Paper of the Month

Please send comments for publication to

November 2018

Liang and Zeger (1986) proposed the generalized estimating equation (GEE), a multivariate extension of the generalized linear model to handle clustered data such as longitudinal data. The GEE method focuses on the regression parameters of the marginal means without specifying the multivariate dependence. A working correlation structure is used to improve efficiency. The resulting estimators of the mean parameters are consistent even if the working correlation is not correctly specified. The closer the working correlation is to the truth, the higher the efficiency. When the outcomes are multivariate normal, the GEEs reduces to the score equation if the working correlation is correctly specified. The estimators are asymptotically normal with a variance that can be estimated by a sandwich estimator. This paper has been cited widely (approximately 16,000 citations to date). The method has been a standard tool in applied statisticians’ toolbox and is widely used in many fields. It is implemented in standard software packages such as SAS and R (Our faculty Jun Yan developed the R package geepack during his graduate study).

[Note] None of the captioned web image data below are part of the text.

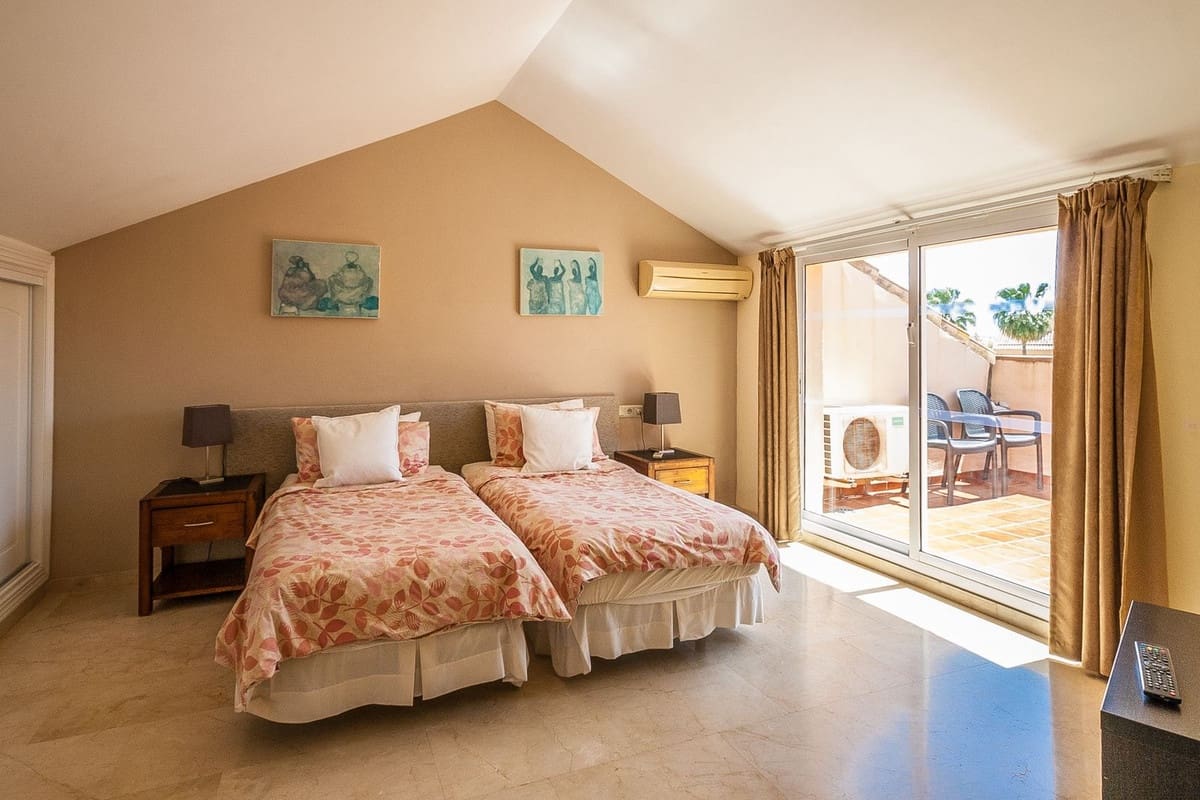 2 sypialnia Penthouse na sprzedaż w Elviria z basenem - 435 000 € (Ref: 8957860)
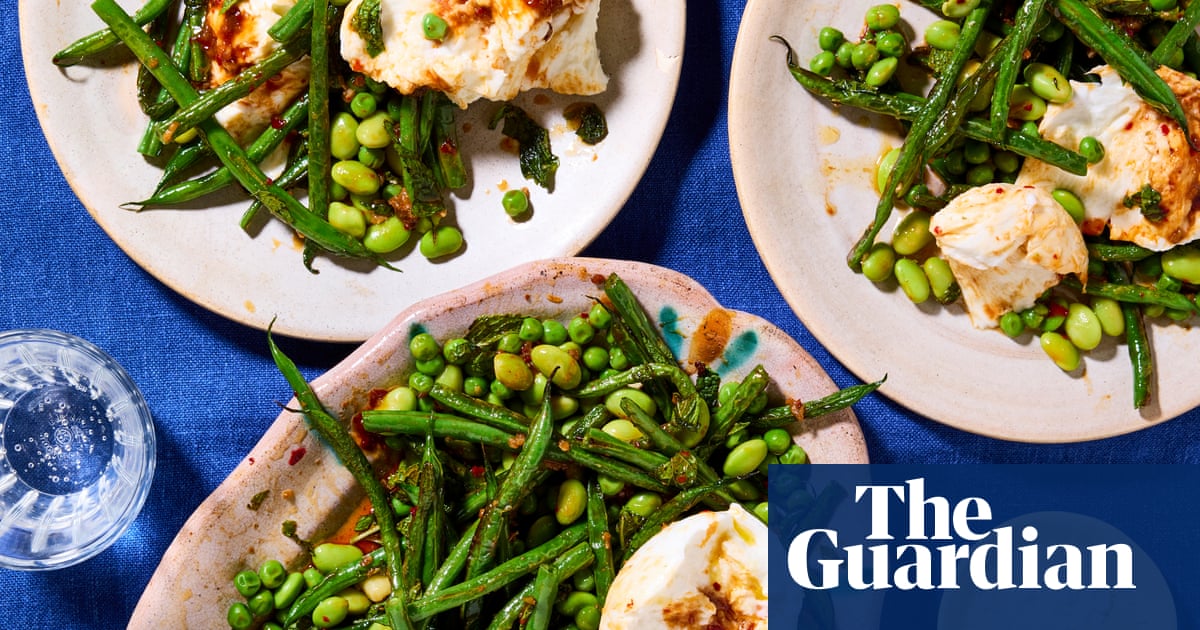Meera Sodha’s recipe for spicy mozzarella, green bean and edamame salad | Meera Sodha recipes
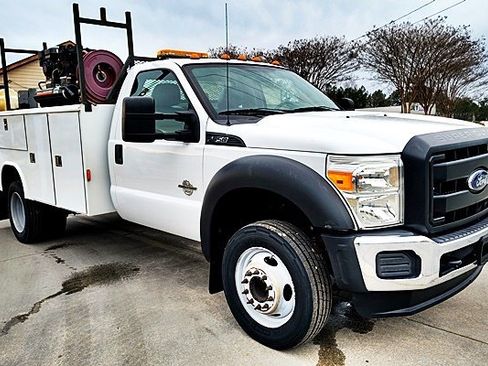 Used 2016 Ford F550 2WD Regular Cab Super Duty image 11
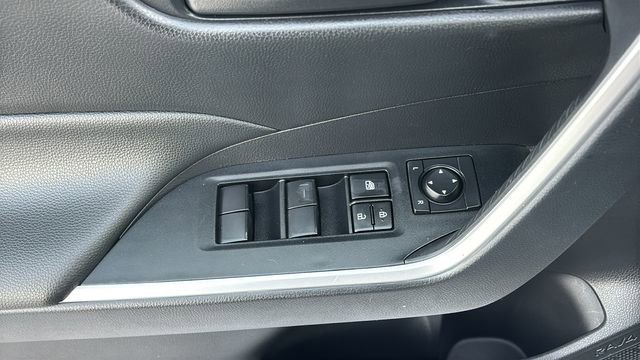 Used 2025 Toyota RAV4 LE image 12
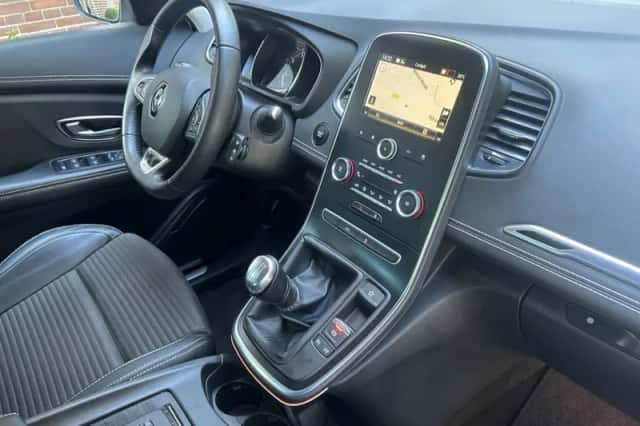 Renault Scénic (2018) thumbnail 5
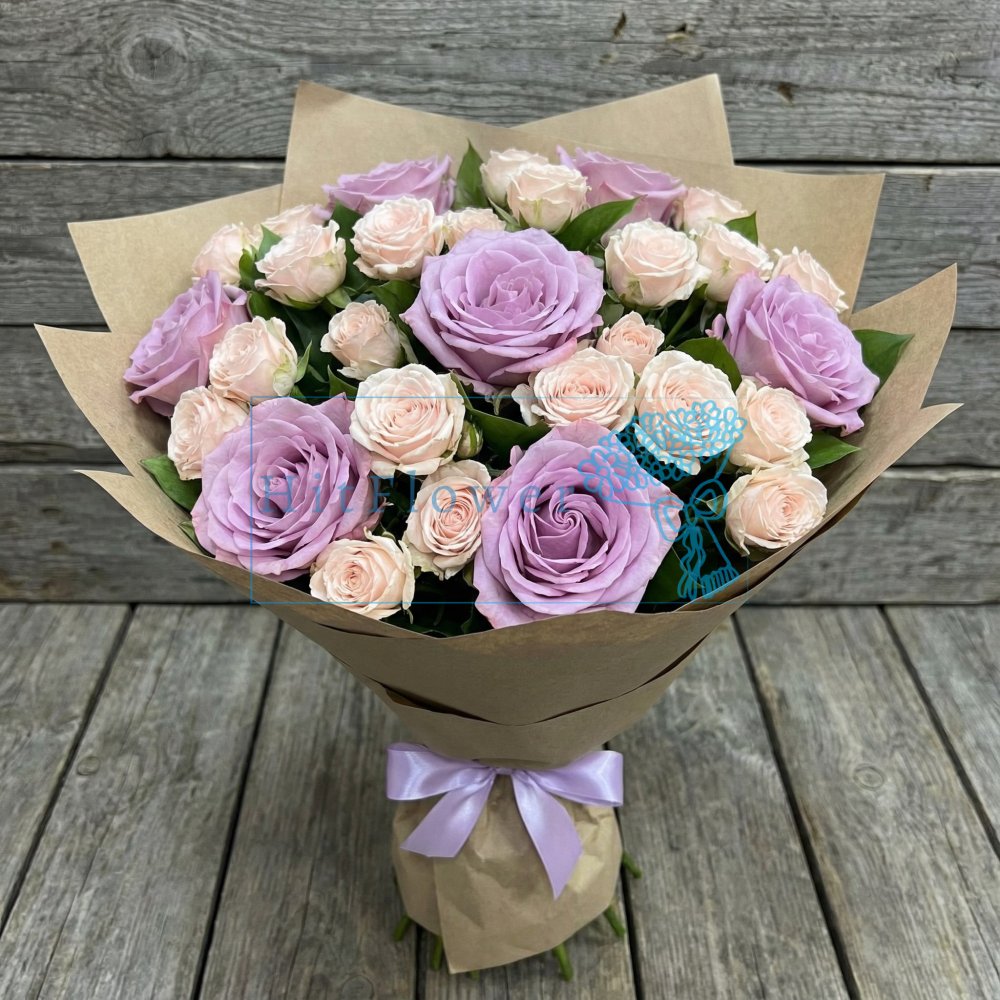 Букет цветов из: Розы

Liang, K. Y., & Zeger, S. L. (1986). Longitudinal data analysis using generalized linear models. Biometrika, 73(1), 13-22.

Notes Preparer: Dipak Dey.

October 2018

The Expectation Maximization (EM) algorithm was introduced by Dempster, Laird, and Rubin in 19771. As the title of the paper suggests, the EM algorithm is a method to obtain maximum likelihood estimates in cases where the data are incomplete. It has been widely used in many applications, such as data imputation, fitting mixture models, and clustering. The EM algorithm consists of two steps: in the E-step, each missing value is replaced with its expected value, using the current estimates of the parameters in the model. In the M-step, using the available data and the imputed data for missing values, the likelihood function is maximized with respect to each of the model’s parameters in order to obtain new (better) estimates. The algorithm continues until a convergence criterion is met (for example, the improvement in the likelihood of the model is less than some user-defined threshold.) One of the challenges is to identify conditions that ensure that the algorithm will converge. Jeff Wu pointed out in his 1983 Annals of Statistics paper2 a flaw in the convergence proof in the Dempster, Laird, and Rubin paper, and offered not only a correct proof, but also extended the applicability of the algorithm beyond the exponential family models. For our monthly gathering to discuss the paper of the month you may start by reading Jeff Bilmes’ “gentle introduction” to EM algorithm, available here.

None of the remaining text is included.